START Dataset extract

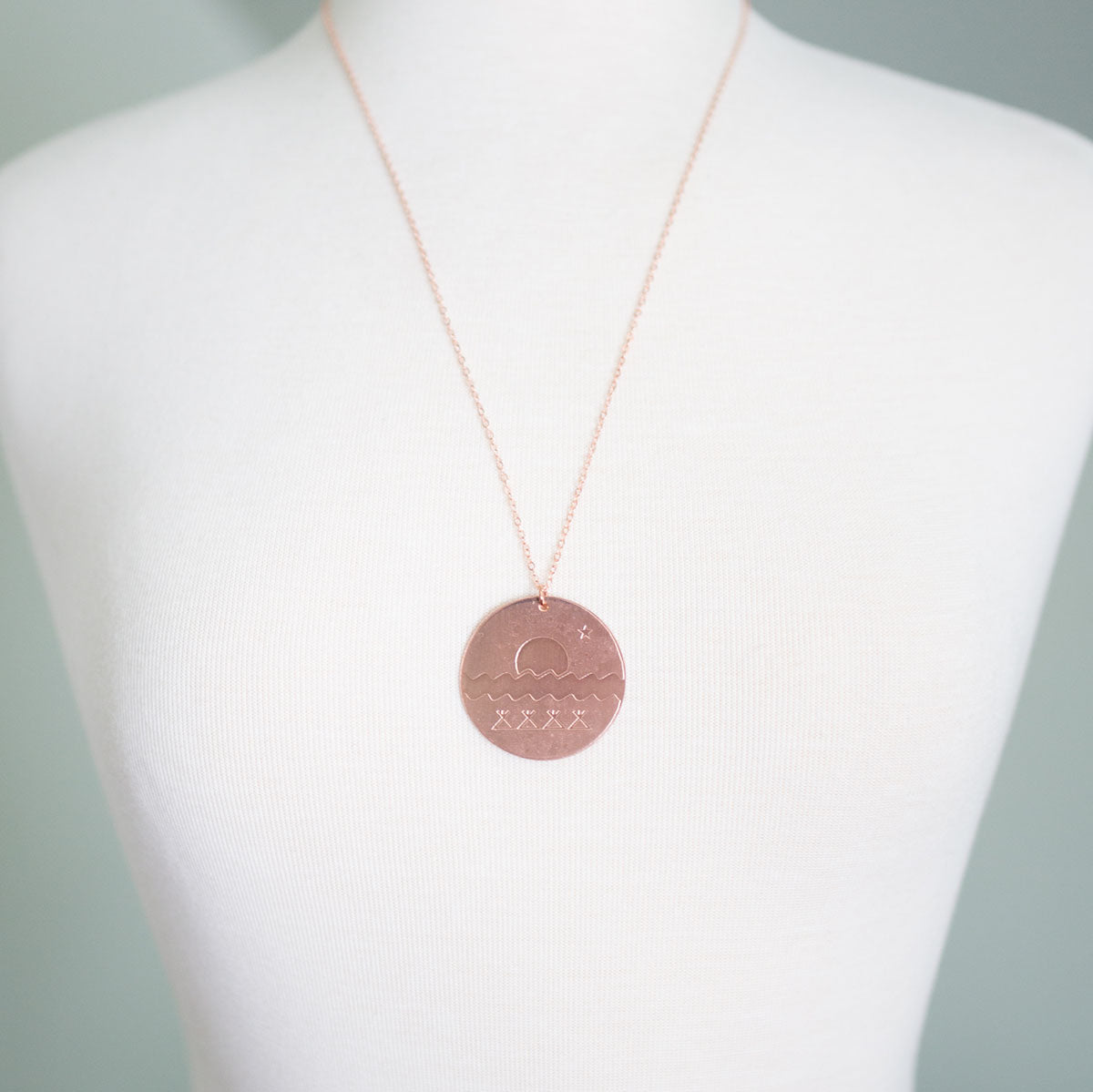 Tłı̨chǫ Flag Necklace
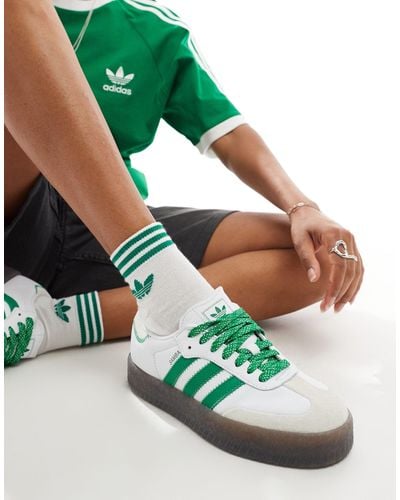 adidas Originals Sambae Trainers - Green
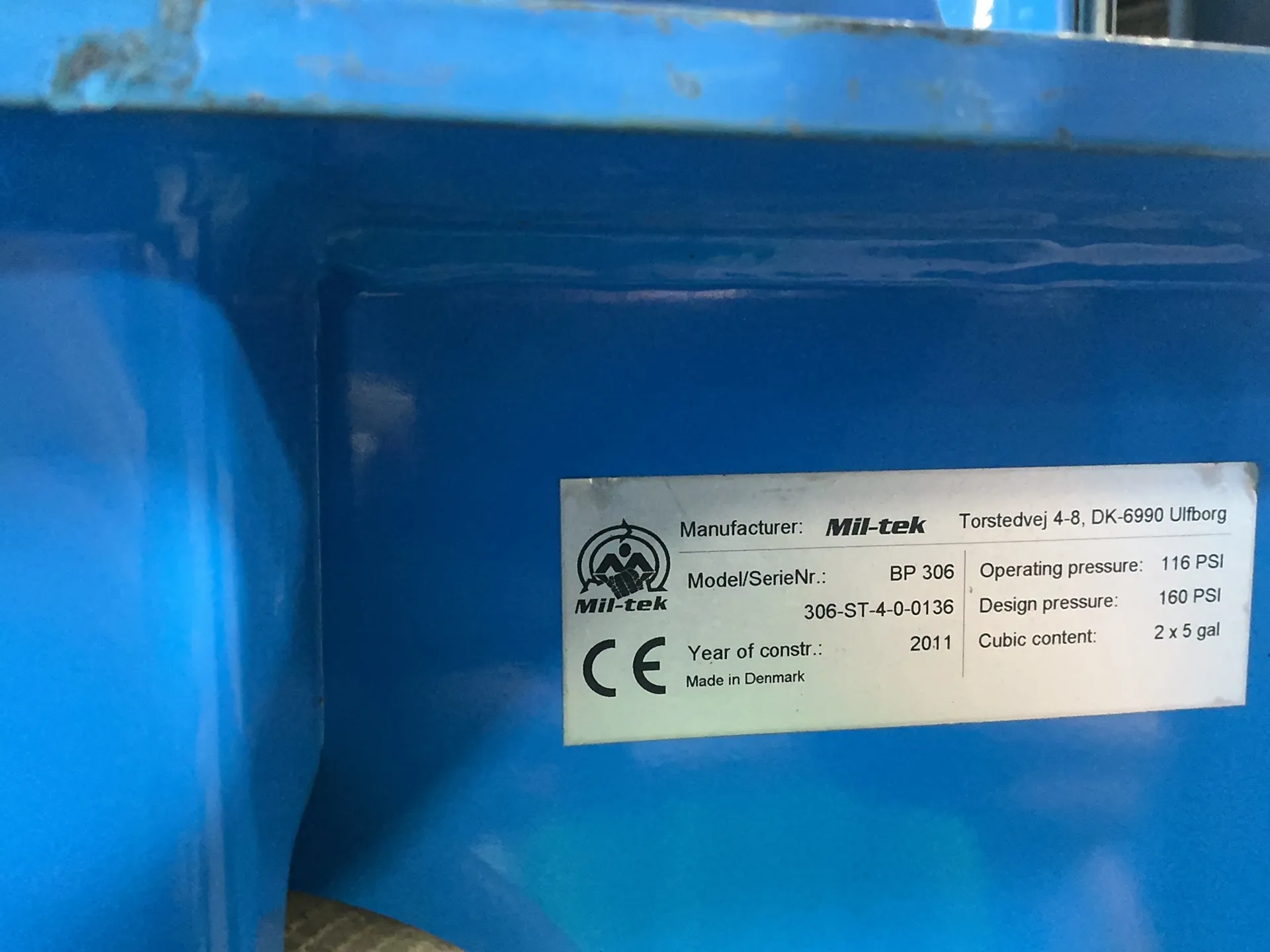 35" x 28" x 54" Mil-Tek #BP-306, Vertical Baler, 160 PSI., 2011 - Image 5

END Dataset extract

What you are asked to do: The answer must be the full listing, exact in every line, with the pictures removed.

Output:
 Tłı̨chǫ Flag Necklace
 adidas Originals Sambae Trainers - Green
 35" x 28" x 54" Mil-Tek #BP-306, Vertical Baler, 160 PSI., 2011 - Image 5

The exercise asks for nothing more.